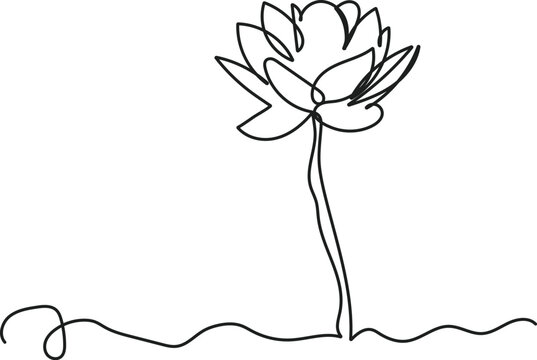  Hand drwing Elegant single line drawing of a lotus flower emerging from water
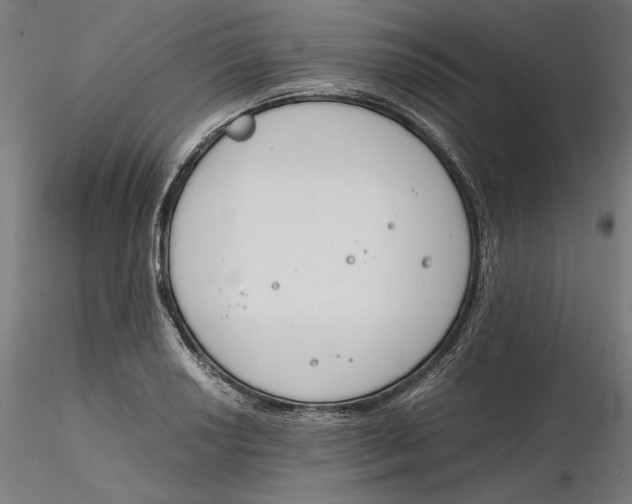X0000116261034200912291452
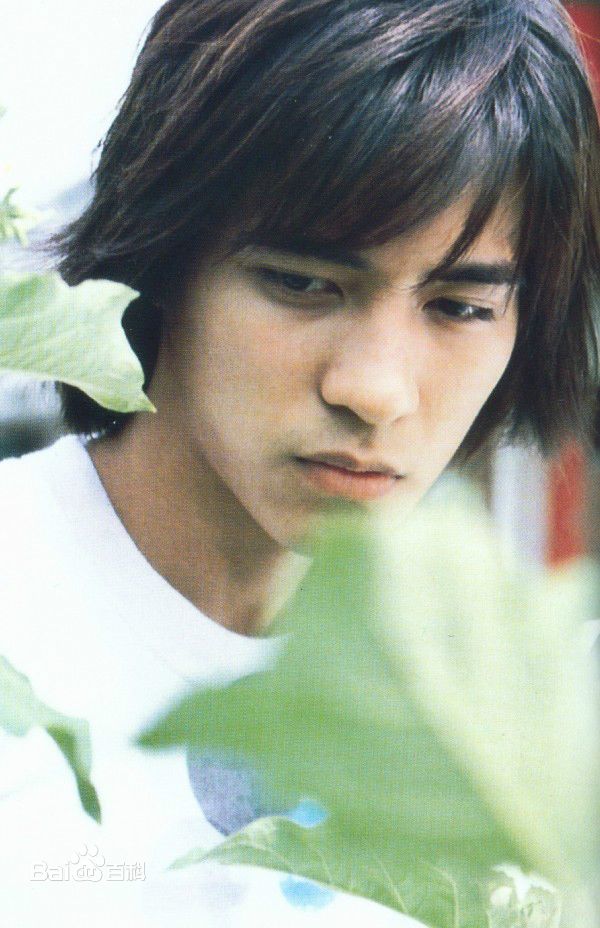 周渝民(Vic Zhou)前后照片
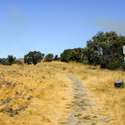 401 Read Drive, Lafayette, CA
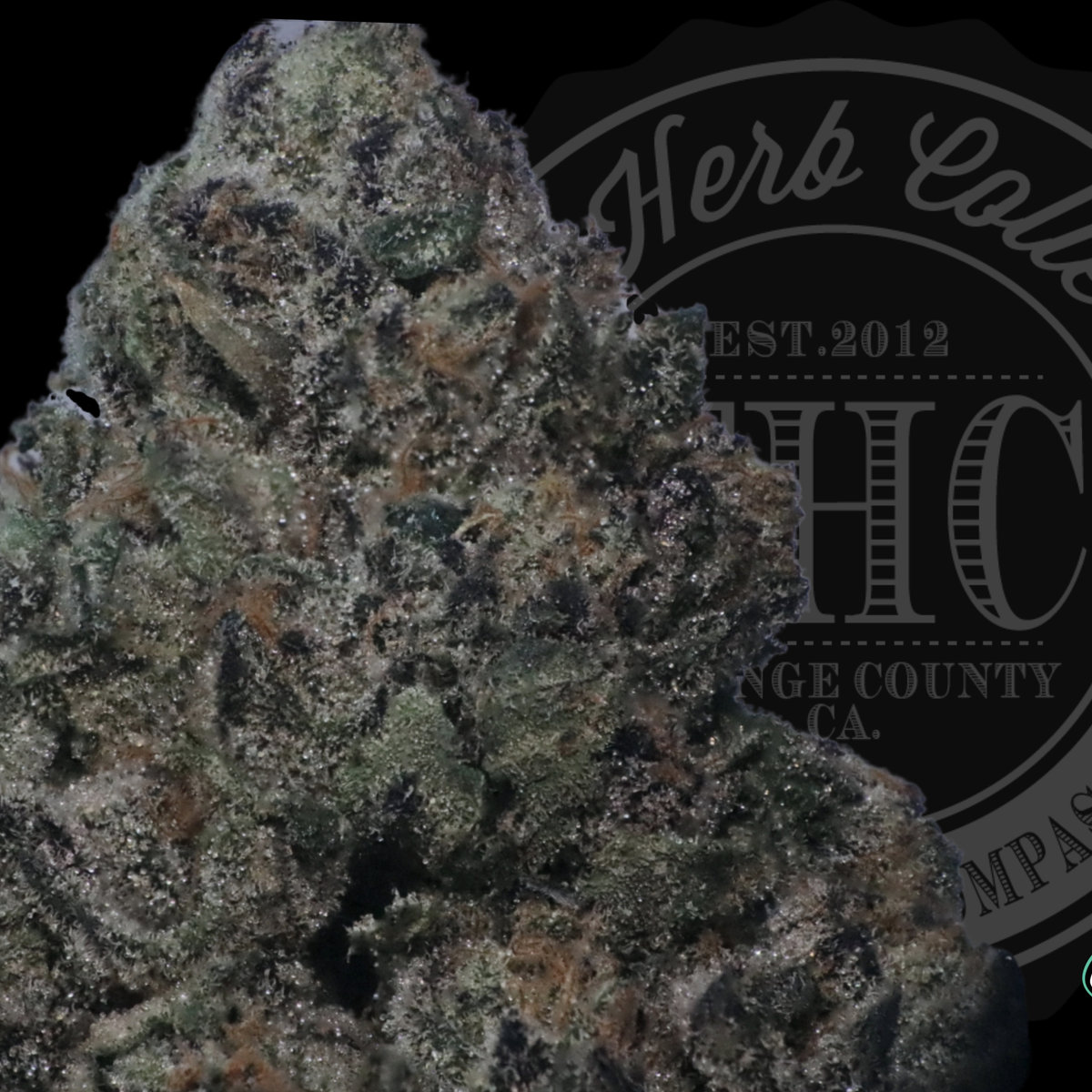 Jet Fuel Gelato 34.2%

*TASK DESCRIPTION*
Only the lines from the one containing "X0000116261034200912291452" through the last line of the records above should be repeated, exactly and without pictures.

*REPLY TO THE EXERCISE*
X0000116261034200912291452
 周渝民(Vic Zhou)前后照片
 401 Read Drive, Lafayette, CA
 Jet Fuel Gelato 34.2%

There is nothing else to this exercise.